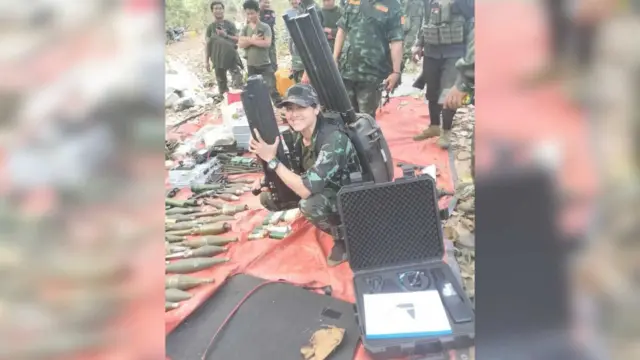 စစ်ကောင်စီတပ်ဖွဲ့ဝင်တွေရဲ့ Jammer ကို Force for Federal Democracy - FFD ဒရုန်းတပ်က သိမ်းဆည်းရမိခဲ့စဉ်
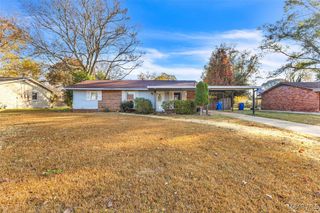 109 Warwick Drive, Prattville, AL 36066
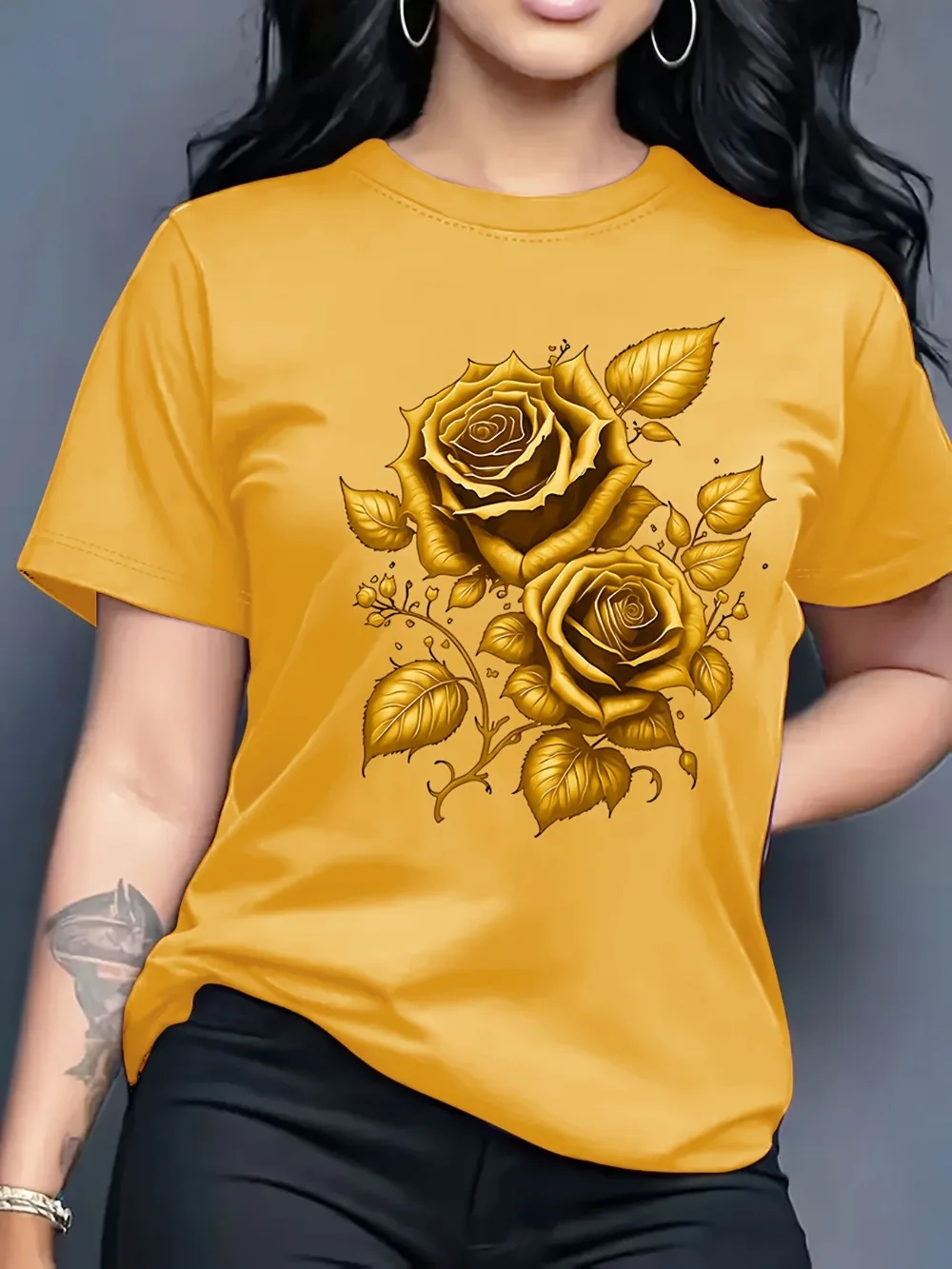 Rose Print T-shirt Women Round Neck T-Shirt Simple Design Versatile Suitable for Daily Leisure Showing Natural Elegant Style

- - -

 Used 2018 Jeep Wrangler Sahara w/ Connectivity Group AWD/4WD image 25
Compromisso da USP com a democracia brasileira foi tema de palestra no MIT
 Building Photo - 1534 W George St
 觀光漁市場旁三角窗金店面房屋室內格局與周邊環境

- - -

● TASK INSTRUCTIONS
In the entries above, find the line with "109 Warwick Drive, Prattville, AL 36066" and the line with "Rose Print T-shirt". Return exactly those lines and all the ones between them, pictures excluded.

● OUTPUT OF THE EXERCISE
 109 Warwick Drive, Prattville, AL 36066
 Rose Print T-shirt Women Round Neck T-Shirt Simple Design Versatile Suitable for Daily Leisure Showing Natural Elegant Style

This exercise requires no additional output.